Post by Sapphire Capital on Oct 26, 2008 5:07:48 GMT 4
Indonesia: Mining regulations
October 01, 2008
Source:
Dendi Adisuryo of Adisuryo Sudjana & Associates
The basis for the regulation of the Indonesian mining sector is ultimately derived from Constitution 1945 of the Republic of Indonesia, which stipulates that Indonesia's natural resources are to be controlled by the state and must be used for the maximum benefit of the Indonesian people. Law 11 of 1967 on Mining and its implementing regulations adopt this fundamental principle. Control has been interpreted as being equivalent to ownership. Therefore, there is no title to particular mineral deposits granted by the state to private companies or individuals. Instead, the state only grants rights to exploit and sell the mineral deposits.
Domestic investment in mining is further governed by Government Regulation 32 of 1969 on the Implementation of Law 11 of 1967, as further consecutively amended by Government Regulation 79 of 1992 and Government Regulation 75 of 2001 (GR 75/01). Domestic investment in the mining industry is conducted through a Kuasa Pertambangan (KP). Essentially, a KP is a licence issued by the Head of Regency, the Governor and the Minister of Energy and Mineral Resources, depending on where the mining area lies. If the mining area delineated by the KP is located within one Regency, the KP will be issued by the Bupati or Head of the Regency. On the other hand, if the mining area crosses the boundary between two Regencies, the KP is issued by the Governor (head of the province). If the mining area crosses the boundary between two provinces, the authority to issue the KP lies with the Minister of Energy and Mineral Resources.
Although the Mining Law considers that a KP applicant should have a demonstrable capacity to exploit minerals in its KP area, this is often not the case. As a result, KP holders on occasion enter into agreements with foreign mining companies to conduct mining activities on their behalf.
A KP grants exclusive mining rights within the delineated mining area to its holder for specified minerals or metals and a defined stage of mining activities. There are several types of KP depending on the stage of development of the mining area itself, as follows.
General Survey KP
A General Survey KP serves as a licence for preliminary surveys within a mining area. It is valid for a limited term of one year, which can only be extended for one additional year. The maximum area coverage of a General Survey KP is 5,000 hectares.
Exploration KP
An Exploration KP is a type of mining licence for exploration activities in a mining area. It is valid for a limited term of three years and can be extended twice, each time for a one-year period. The maximum area covered by an Exploration KP is 2,000 hectares.
Exploitation KP
An Exploitation KP is a type of mining licence for exploitation activities in a mining area. It is valid for a limited period of up to 30 years and can be extended twice, each time for a 10-year period.
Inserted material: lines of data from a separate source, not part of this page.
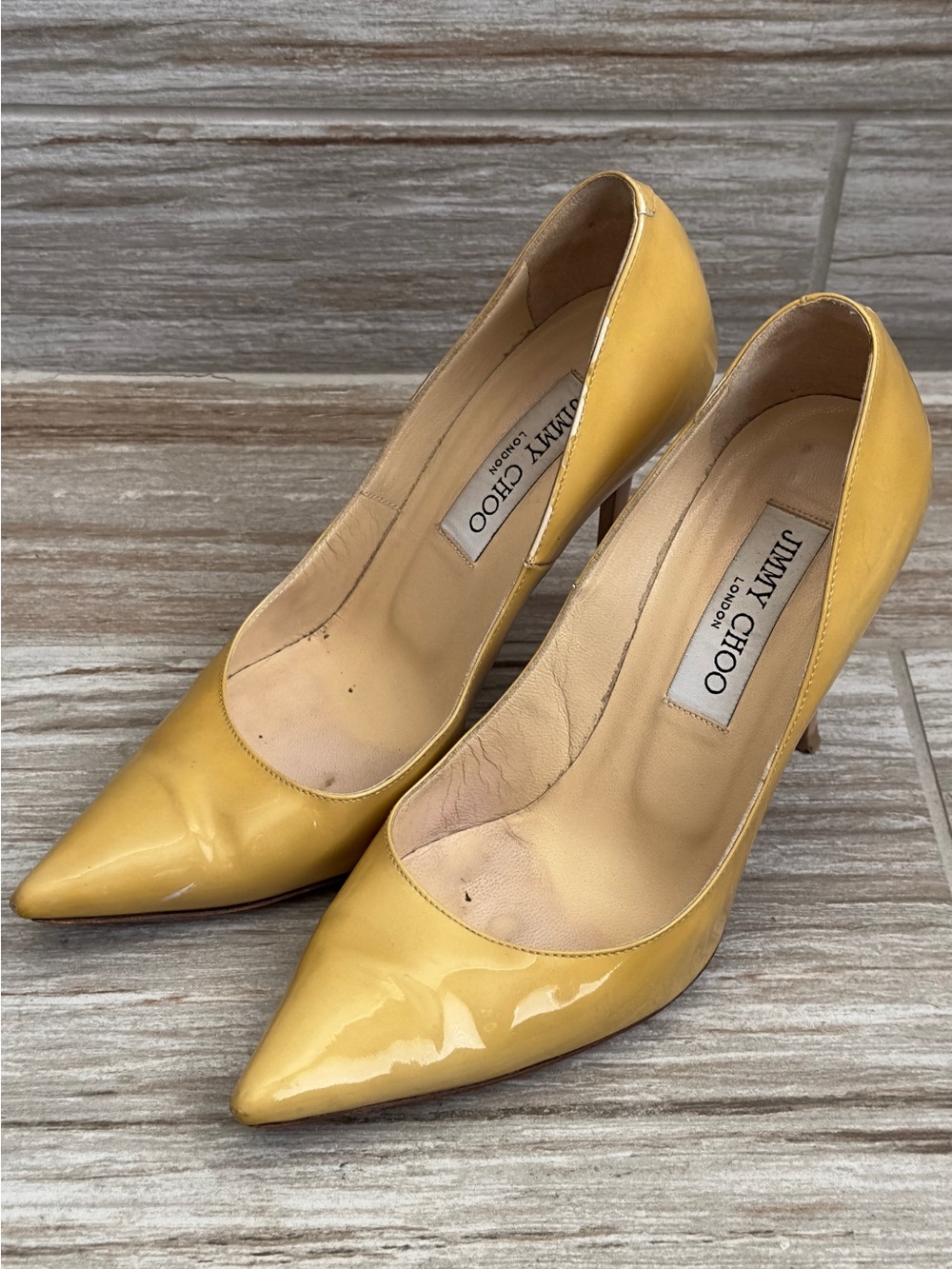 Jimmy Choo Yellow Patent Leather Pointed-Toe Pumps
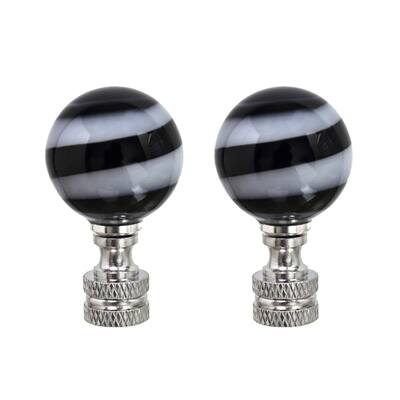 Aspen Creative 2 Pack Black & White Glass Ball Lamp Finial in Nickel Finish, 2" Tall - BLACK & WHITE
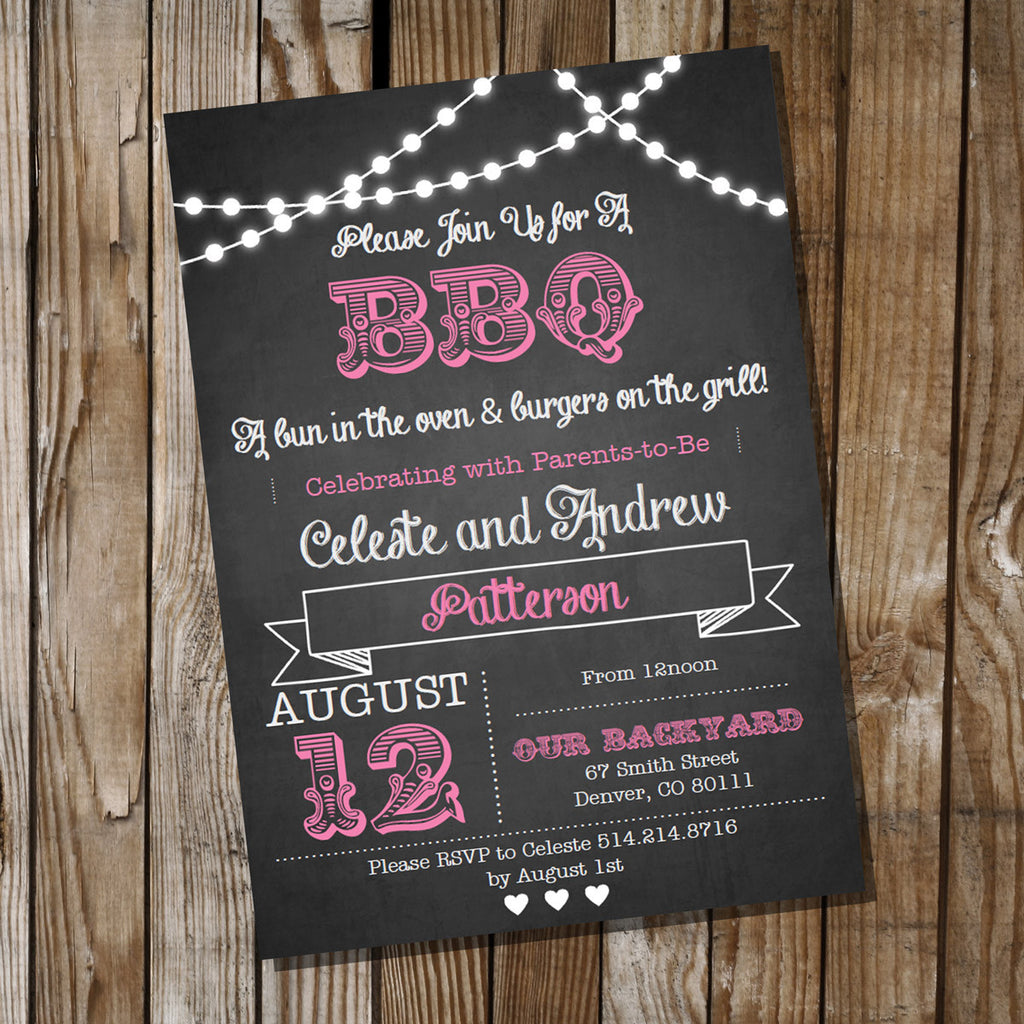 Chalkboard BBQ Baby Shower Invitation for a Girl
The maximum area coverage for an Exploitation KP is 1,000 hectares.
An Exploitation KP may include KPs for processing and refining, as well as transportation and marketing. If an Exploitation KP does not include the necessary KPs for those activities, the holder will be required to apply for the other types of KPs.
Processing and Refinery KP
A Processing and Refinery KP is a type of mining licence for processing and refining activities. It may be granted for a period of up to 30 years and is extendable for additional periods of 10 years at a time.
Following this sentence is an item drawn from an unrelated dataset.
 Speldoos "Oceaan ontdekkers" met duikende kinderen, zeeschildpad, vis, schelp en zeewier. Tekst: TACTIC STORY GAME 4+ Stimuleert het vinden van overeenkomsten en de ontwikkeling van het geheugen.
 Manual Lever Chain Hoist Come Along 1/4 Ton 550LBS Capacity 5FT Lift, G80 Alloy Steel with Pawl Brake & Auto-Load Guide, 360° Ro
Transportation and Marketing KP
A Transportation and Marketing KP is a type of mining licence for transportation and marketing activities. It is valid for a period of up to 10 years and is extendable for additional periods of five years at a time.
Under Article 15.4 of the Mining Law and Article 23 of GR 75/01, a KP is transferrable. The provisions state that a KP is transferrable to any other entity/individual under certain circumstances before approval from the competent officials. The KP can be transferred if the requirements are met: for instance, if the KP holder is not able to continue operating its business because of lack of funds, knowledge or technologies. On the other side, the receiver must prove that he/she/the entity is capable of running the mining business (for example, the individual or the entity is in a good financial position and is experienced in mining). If the receiver is a company, it should be a wholly Indonesian-owned company. If it is a foreign investment company (Perusahaan Penanaman Modal Asing – PMA), the KP must be converted into a Contract of Work (CoW) because a PMA company can only hold either a CoW or Coal Contract of Work (CCoW).
Contract of Work (CoW)
A sole foreign investor or a joint venture between foreign investors and Indonesian investors may carry out mining activities through a CoW granted to an Indonesian foreign investment company (Perusahaan Penanaman Modal Asing – PMA). A CoW is signed between the PMA company established by the foreign investors (and, if applicable, their Indonesian partners) and the Government of Indonesia.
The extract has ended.